● GOAL OF THE EXERCISE
In the data below, restate exactly the lines from the one with "Set di accessori" to the final line, both included, but not the pictures.

● DATA
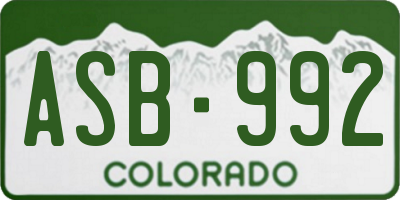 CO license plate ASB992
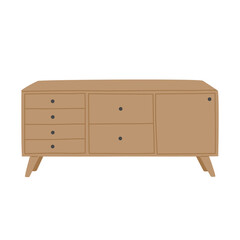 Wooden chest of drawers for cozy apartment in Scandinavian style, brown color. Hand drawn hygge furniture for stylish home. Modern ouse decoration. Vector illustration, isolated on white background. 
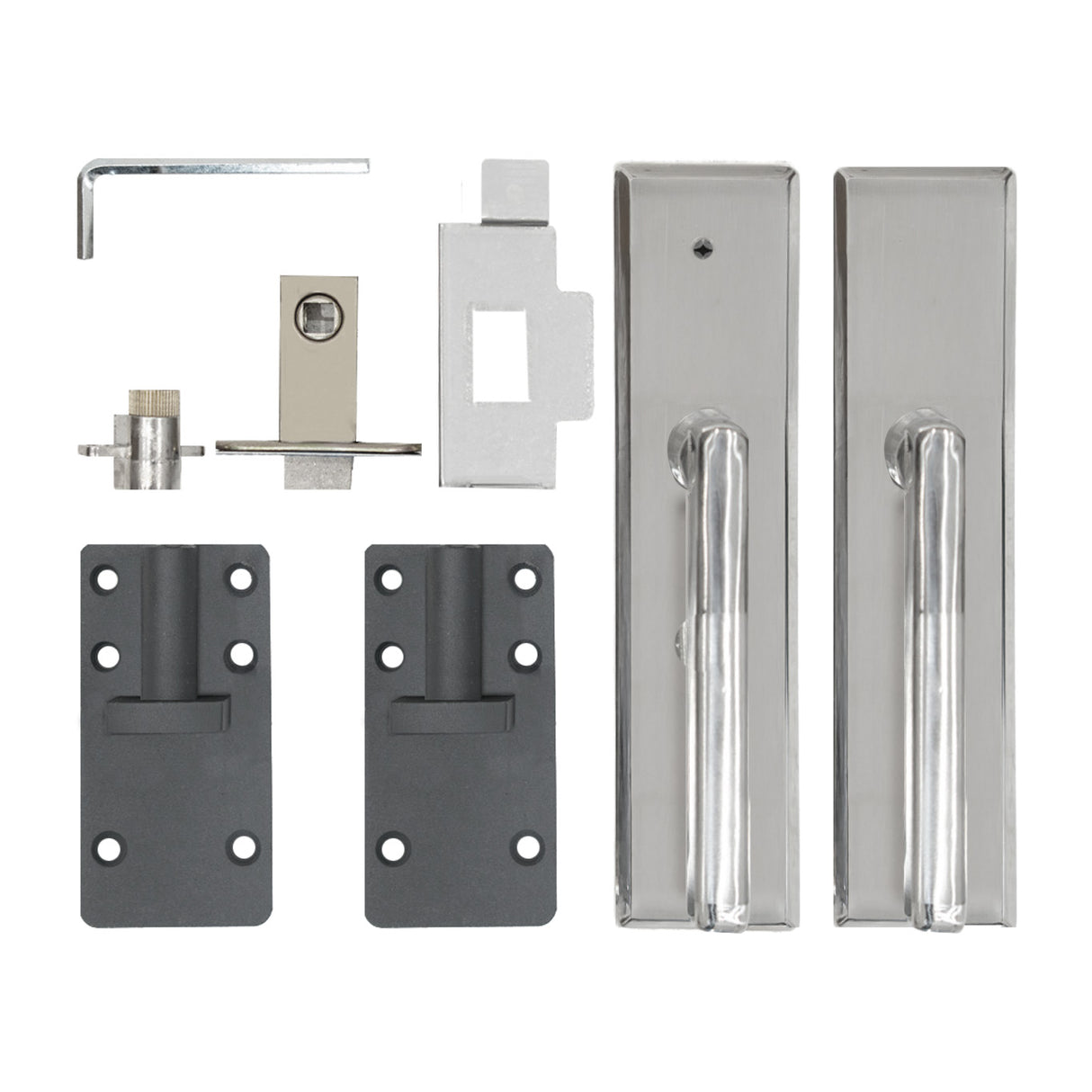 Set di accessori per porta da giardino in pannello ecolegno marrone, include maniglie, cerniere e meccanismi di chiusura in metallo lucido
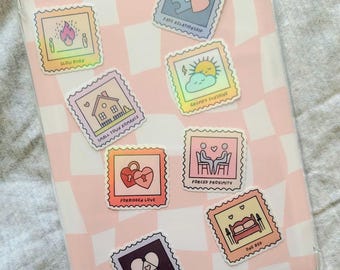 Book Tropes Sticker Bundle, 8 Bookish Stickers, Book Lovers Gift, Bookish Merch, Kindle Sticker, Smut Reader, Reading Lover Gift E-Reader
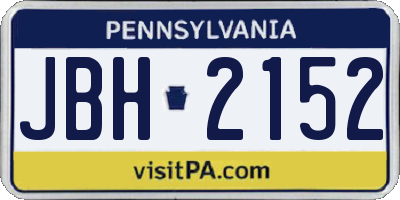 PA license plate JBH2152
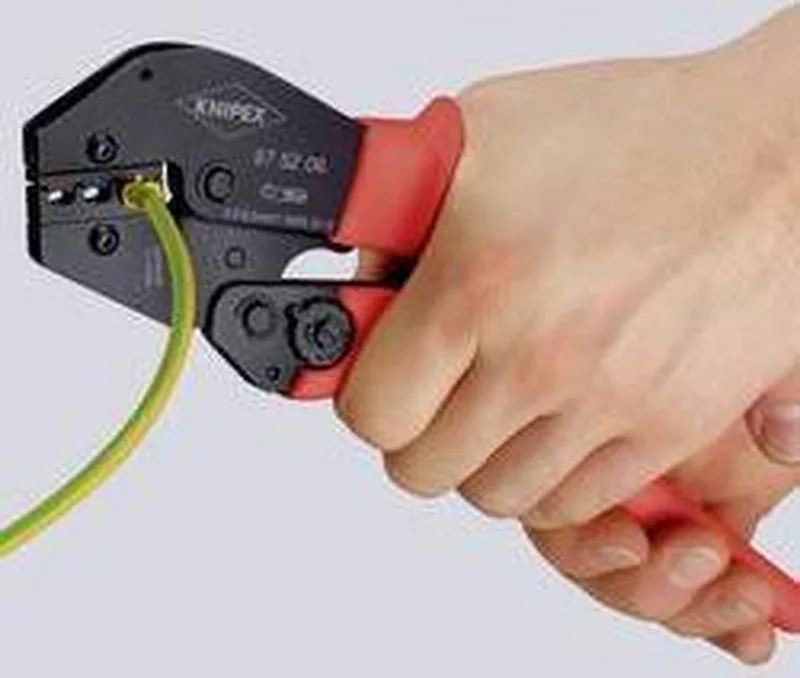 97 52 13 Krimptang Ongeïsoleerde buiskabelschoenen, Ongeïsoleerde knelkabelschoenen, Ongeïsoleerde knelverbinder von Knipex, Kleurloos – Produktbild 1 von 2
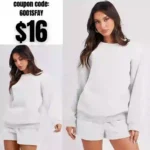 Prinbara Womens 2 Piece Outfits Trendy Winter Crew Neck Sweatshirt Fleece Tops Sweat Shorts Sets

● YOUR RESPONSE
 Set di accessori per porta da giardino in pannello ecolegno marrone, include maniglie, cerniere e meccanismi di chiusura in metallo lucido
 Book Tropes Sticker Bundle, 8 Bookish Stickers, Book Lovers Gift, Bookish Merch, Kindle Sticker, Smut Reader, Reading Lover Gift E-Reader
 PA license plate JBH2152
 97 52 13 Krimptang Ongeïsoleerde buiskabelschoenen, Ongeïsoleerde knelkabelschoenen, Ongeïsoleerde knelverbinder von Knipex, Kleurloos – Produktbild 1 von 2
 Prinbara Womens 2 Piece Outfits Trendy Winter Crew Neck Sweatshirt Fleece Tops Sweat Shorts Sets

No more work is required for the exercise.